# VIN check



## narfpoit (Jun 16, 2004)

Hey I was just checking to see if anyone has access to a vehicle reports or title search based on VIN #? I just need to see when my truck was purchased by the original owner so I can fill out some paper work for a class action suit. So if anyone can do that for me if you can post up or pm me that would be great thanks.

John.

By the way it is for a Chevy Blazer and the suit is in regards to Dexcool coolant so if you have a vehicle that uses it (there is a pretty long list of covered vehicle) you should check it out.


----------



## BubbaBlue (May 11, 2004)

http://www.carfax.com/
"If" you're willing to drop $30 for it.

I've used it before and it works ok.
.


----------



## narfpoit (Jun 16, 2004)

Yeah I am trying to avoid paying that much for it since I am guessing someone on here probably has an account with a similar service already.


----------



## surfchunker (Apr 10, 2006)

*just call a dealer*

and give them the vin and they can tell you all about it .. I took my vin in to get a part and they print everything off from it ... color, date when it's made ... the whole works .... Free of charge ...... or go visit the service desk


----------



## chris storrs (Aug 25, 2005)

narfpoit said:


> Hey I was just checking to see if anyone has access to a vehicle reports or title search based on VIN #? I just need to see when my truck was purchased by the original owner so I can fill out some paper work for a class action suit.

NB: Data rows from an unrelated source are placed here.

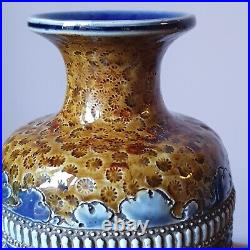 Doulton Lambeth George Tinworth Vase C1875 24cm Tall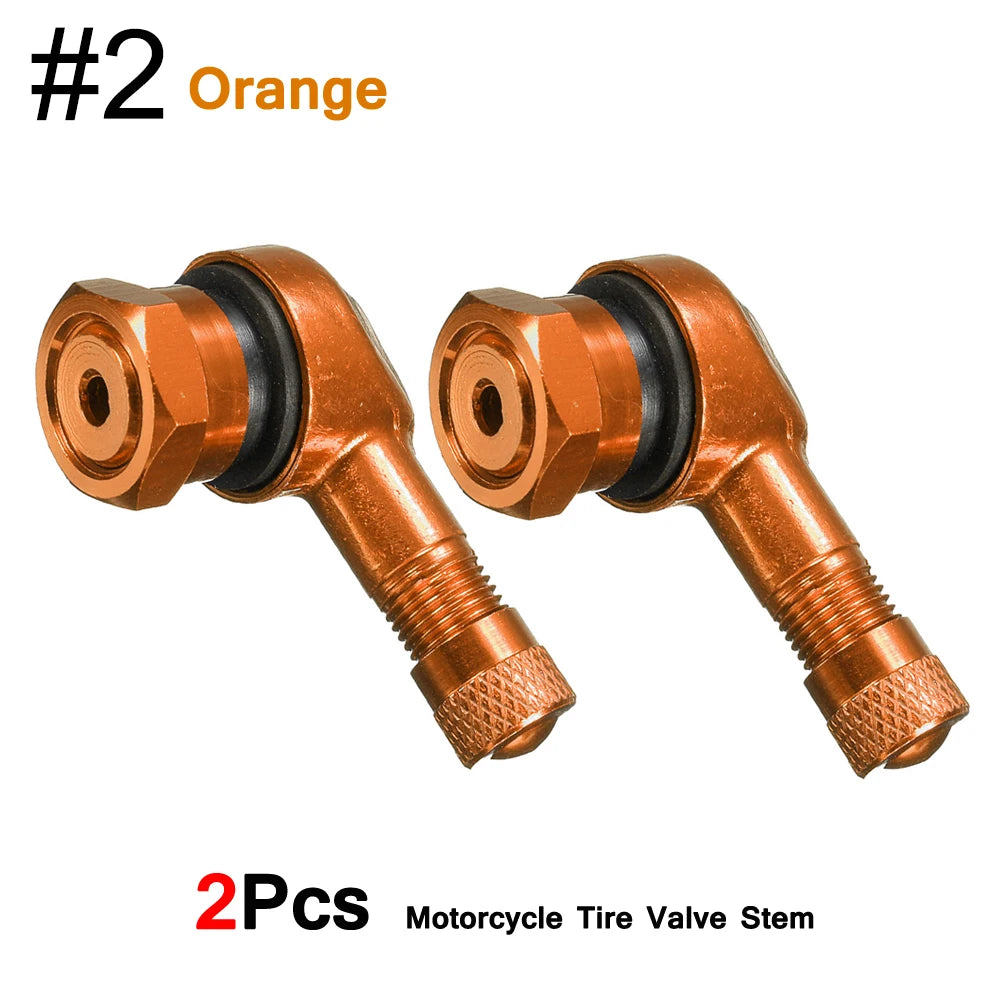 DSYCAR 2Pcs 90 Degree CNC Motorcycle Tire Valve Stems | Universal Leak-Proof Alumin additional angle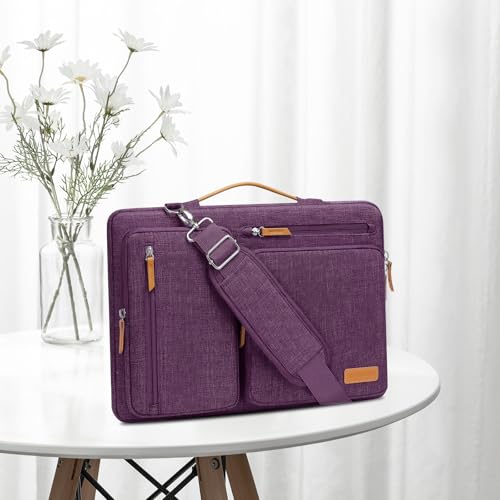 MOSISO 360 Protective Laptop Shoulder Bag, 17-17.3 inch Computer Bags - color: Argyle Purple, size: 17.3 inch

So if anyone can do that for me if you can post up or pm me that would be great thanks.
> 
> John.
> 
> By the way it is for a Chevy Blazer and the suit is in regards to Dexcool coolant so if you have a vehicle that uses it (there is a pretty long list of covered vehicle) you should check it out.

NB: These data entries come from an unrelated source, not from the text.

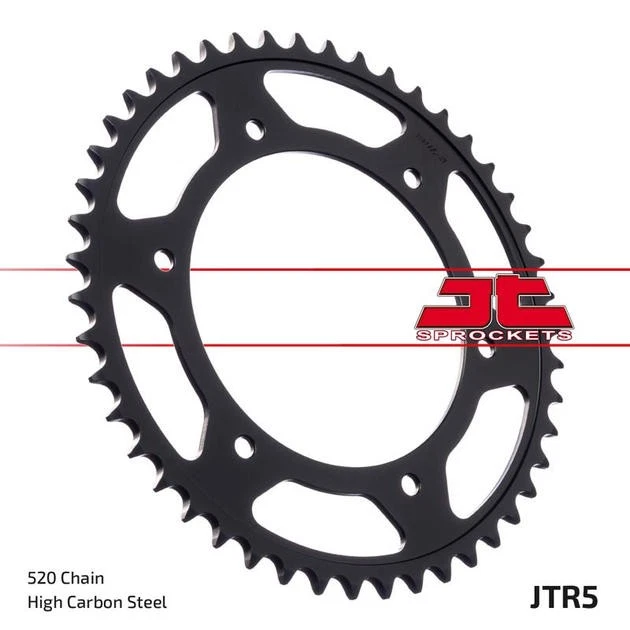JT Rear Sprocket Steel 520 40T BMW/Aprilia F650GS/Pegaso 650/G650GS/G310R - Изображение 1 из 1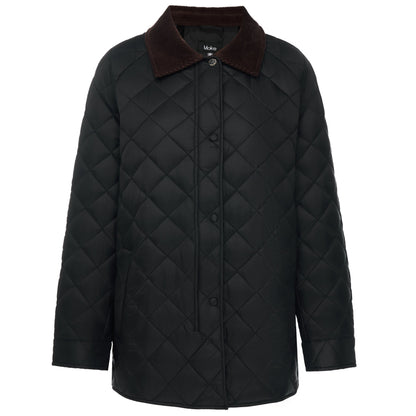 MOKE NZ DAISY QUILT JACKET - BLACK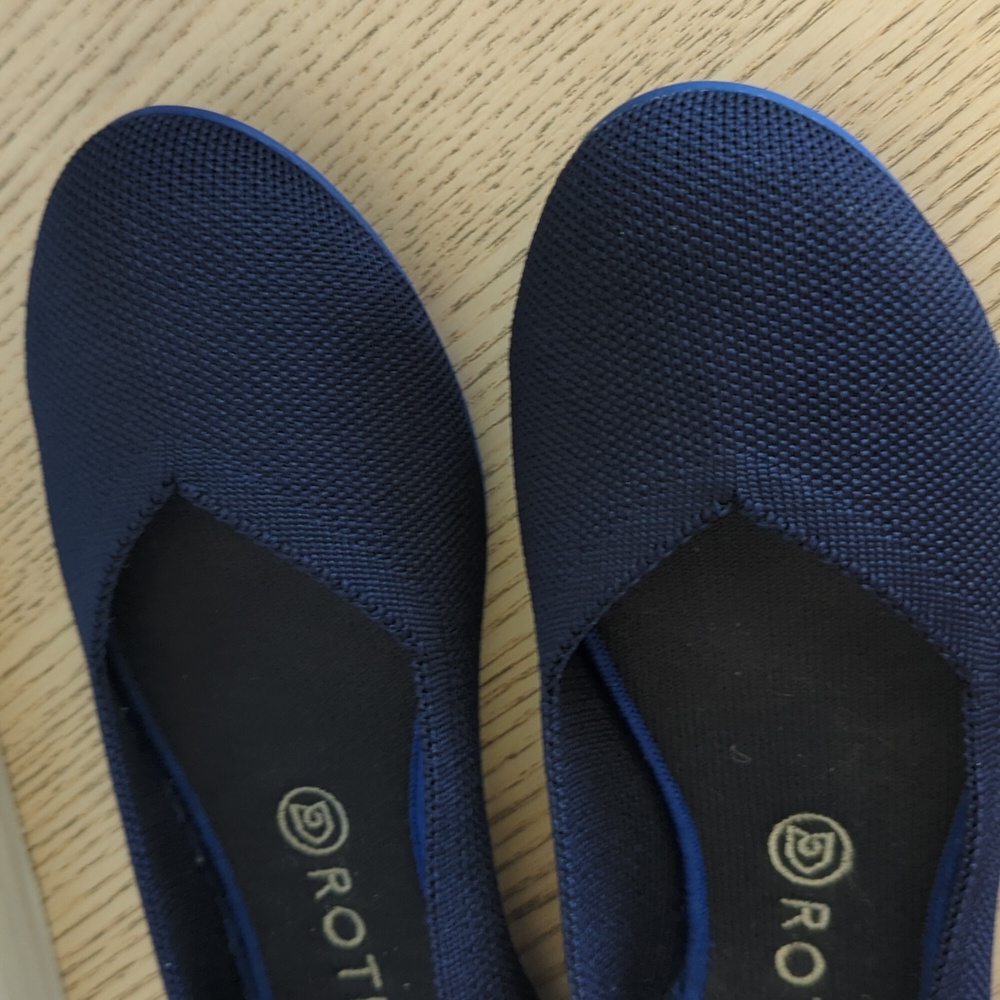 Rothy’s The Flat Round Toe Flats Solid Navy Blue … - image 7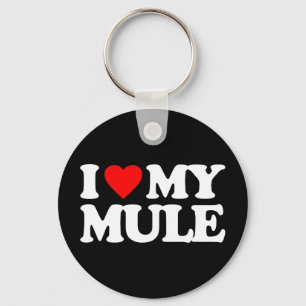 I LOVE MY MULE KEY RING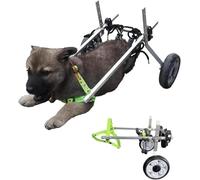 Clearlin Adjustable Small Pet Wheelchair for Dogs & Cats, Lightweight Disabled Dog Cart for Hind Leg Support & Rehabilitation, Easy to Use Walking Device(Size L)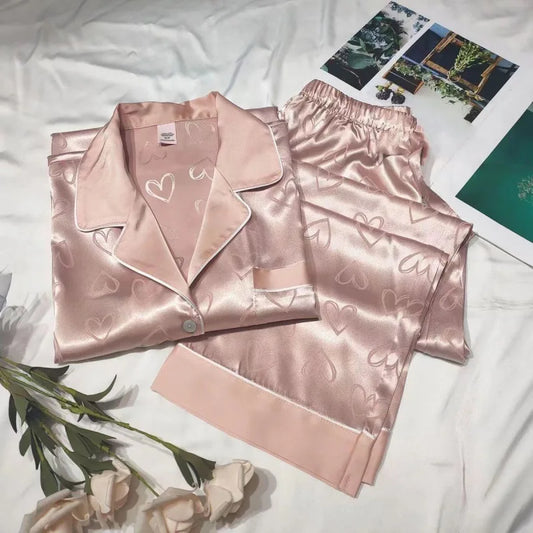 Pyjama Élégant Femme – Style Coréen Longues Manches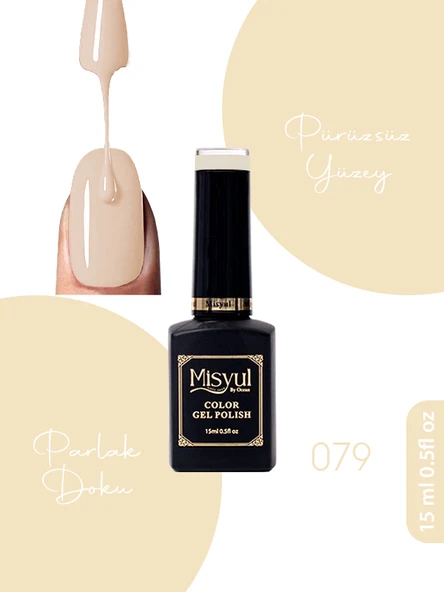 Misyul UV Led Kalıcı Oje Nail Art 15 ml 079 ürün görseli 1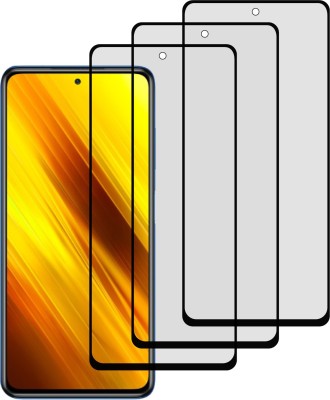 KITE DIGITAL Edge To Edge Tempered Glass for Poco M2 Pro(Pack of 3)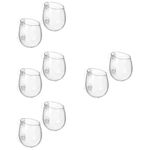 8Pcs Durable Transparent Aquarium Plant Holders for Fish Tank Decoration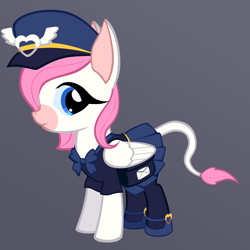Size: 1870x1870 | Tagged: safe, artist:fibs, edit, imported from derpibooru, oc, oc only, oc:belle lettre, donkey, albaric, bag, clothes, cute, donkey oc, female, hat, mailmare, mailpony, mailpony uniform, mare, postman's hat, saddle bag, short shirt, skirt, vector, wings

what about dexcool?curious whats going on...rpolly 1/3 to 1/5 of the vehicles that come into my work use it..


----------



## surfchunker (Apr 10, 2006)

*radiators*

it plugs them up and leaks


----------



## narfpoit (Jun 16, 2004)

The problem begins with a faulty rad cap. This allows air to come into contact with the dexcool which when at opporating temps turns it into a sludge which causes clogs and then leaks. It also dissolves some types of gaskete material which allows it to enter other engine components which is even worse.


----------